By allowing divorced and civilly “remarried” couples to be sexually active and to receive the sacrament of reconciliation and Holy Communion the bishops of Malta have abrogated binding magisterial documents of the Catholic Church, including the Catechism of the Catholic Church, paragraph 1650, Pope Benedict XVI, Sacramentum Caritatis, section 29 and Pope St John Paul II, Familaris Consortio, section 84.
Dr.Edward Peters, the respected canon lawyer and Referendary of the Holy See’s Apostolic Signatura, wrote that in his considered opinion the Maltese bishops “have effectively invited the Catholics entrusted to them (lay faithful and clergy alike!) to commit a number of objectively gravely evil acts.” Dr Peters spelled out the serious consequences for priests of their bishops’ “disastrous” decision:
The Maltese bishops, by extending their document to the sacrament of Reconciliation, have basically instructed their priests not to withhold absolution from divorced-and-remarried Catholics who refuse to repent of their “public and permanent adultery” (CCC 2384) even to the point of abstaining from sexual (nb: sexual not “conjugal”) relations. Incredibly, such a directive raises the specter of green-lighting sacrilegious confessions and the commission of solicitation in confession.
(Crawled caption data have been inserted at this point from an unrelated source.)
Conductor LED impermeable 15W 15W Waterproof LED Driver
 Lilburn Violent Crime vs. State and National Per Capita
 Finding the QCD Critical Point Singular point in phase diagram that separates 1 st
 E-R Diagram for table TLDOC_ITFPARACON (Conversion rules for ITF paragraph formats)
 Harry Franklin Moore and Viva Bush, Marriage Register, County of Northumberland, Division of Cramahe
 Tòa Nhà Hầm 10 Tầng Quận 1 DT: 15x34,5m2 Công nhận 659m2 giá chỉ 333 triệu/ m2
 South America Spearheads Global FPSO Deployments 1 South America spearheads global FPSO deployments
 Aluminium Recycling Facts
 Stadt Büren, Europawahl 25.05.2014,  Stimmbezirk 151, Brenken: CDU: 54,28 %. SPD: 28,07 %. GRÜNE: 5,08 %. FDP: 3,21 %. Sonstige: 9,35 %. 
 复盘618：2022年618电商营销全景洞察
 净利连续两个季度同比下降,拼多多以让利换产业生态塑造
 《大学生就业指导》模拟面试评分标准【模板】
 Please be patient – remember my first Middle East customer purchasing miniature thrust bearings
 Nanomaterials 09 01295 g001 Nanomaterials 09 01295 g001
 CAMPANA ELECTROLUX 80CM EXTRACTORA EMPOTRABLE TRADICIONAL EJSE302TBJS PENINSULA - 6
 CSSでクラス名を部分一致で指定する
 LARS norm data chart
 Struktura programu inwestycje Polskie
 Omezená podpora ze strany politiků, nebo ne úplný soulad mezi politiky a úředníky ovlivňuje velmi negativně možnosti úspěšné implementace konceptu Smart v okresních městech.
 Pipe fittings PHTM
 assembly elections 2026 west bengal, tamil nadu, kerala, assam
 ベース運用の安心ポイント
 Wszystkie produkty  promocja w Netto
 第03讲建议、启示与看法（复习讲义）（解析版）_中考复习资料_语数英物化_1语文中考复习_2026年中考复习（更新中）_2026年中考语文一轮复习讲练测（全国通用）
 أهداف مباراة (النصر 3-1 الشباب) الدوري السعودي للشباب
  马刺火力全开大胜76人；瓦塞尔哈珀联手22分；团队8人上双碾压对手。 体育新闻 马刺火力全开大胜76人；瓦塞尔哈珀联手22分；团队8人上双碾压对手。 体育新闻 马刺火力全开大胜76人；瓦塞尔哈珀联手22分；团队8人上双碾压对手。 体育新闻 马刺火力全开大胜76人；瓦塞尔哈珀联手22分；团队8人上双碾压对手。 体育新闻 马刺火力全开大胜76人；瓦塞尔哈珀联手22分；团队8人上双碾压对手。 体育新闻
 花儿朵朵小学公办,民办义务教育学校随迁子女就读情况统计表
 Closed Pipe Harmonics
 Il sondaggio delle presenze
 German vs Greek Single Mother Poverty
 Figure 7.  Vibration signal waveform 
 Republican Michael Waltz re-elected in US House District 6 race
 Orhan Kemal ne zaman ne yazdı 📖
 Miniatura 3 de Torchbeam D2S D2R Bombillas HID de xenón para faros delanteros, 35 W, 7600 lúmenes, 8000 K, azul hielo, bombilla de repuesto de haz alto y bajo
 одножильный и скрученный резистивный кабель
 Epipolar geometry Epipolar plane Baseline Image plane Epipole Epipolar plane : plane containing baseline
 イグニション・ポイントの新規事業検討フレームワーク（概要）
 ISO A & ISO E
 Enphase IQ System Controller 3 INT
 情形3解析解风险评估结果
No priest should want either on his conscience, let alone both.
Bishop Mario Grech’s alleged announcement that he will impose on priests the grave penalty of suspension a divinis for refusing to admit those in “public and permanent adultery” to Holy Communion has very serious implications. The suspension (a divinis) is a canonical penalty provided for by canon 1333. Such a suspension prohibits all or some acts of the powers of Holy Orders, such as celebrating Mass, hearing confession, and the power of governance, such as acting as a parish priest.
It would seem that priests in Gozo are now vulnerable to accusations from anyone that they are not implementing, “Criteria for the Application of Chapter VIII of Amoris Laetitia”, with devastating consequences for their exercise of priestly ministry.